The porch steps are concrete, and recently swept. It’s a beautiful house. I hope they’re kind to me. I struggle with opening up to people. Is everyone here going to judge me? They’re all probably so close to God, I doubt they’ll understand. “One small step for man, one giant leap for mankind”. The tin and hollow sound of glitchy 1960’s audio echoes in my ears as I roll my eyes at myself. I take a breath, and I take the step.

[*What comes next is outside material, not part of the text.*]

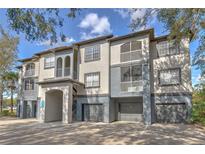 Condominium exterior with attached garages, balconies, and stucco walls at 13304 Sanctuary Cove Dr # 303, Temple Terrace, FL 33637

I used to be close to God. I’d pray before bed and before every meal. I’d talk to my friends about what Jesus was doing in my life, and I’d celebrate what He was doing in theirs. I was vibrant in worship, I could feel His plans for me, I felt His love surrounding me everyday, but somehow I walked away. It happened so slowly that I didn’t even realize it was happening. I was just numb, and I didn’t know how to get back to where I was before.
And now I’m here, sitting in a circle with a room full of new faces, unsure of how this will go. I look down at my coffee cup, almost empty from all my nervous sips. Around me are some seriously fantastic women. It’s week one of this Community Group and we’ve already laughed, cried, and opened up, some of us as perfect strangers. Now it’s my turn. One small step. I raise my head and spill it all. My crumbling marriage, my nonexistent relationship with God, all my fears and worries that I’ll never feel loved by God or my husband again. As I speak my eyes filled with tears, but so do theirs. I feel safe; I know in this moment that these women are going to be here for me, that they truly want to help me, and that they will do anything they can to get me back to God. They gather around me, praying words of hope, love, and encouragement over me. They assure me that God still loves me and that my hunger for Him is a sign that I can find my way back to Him.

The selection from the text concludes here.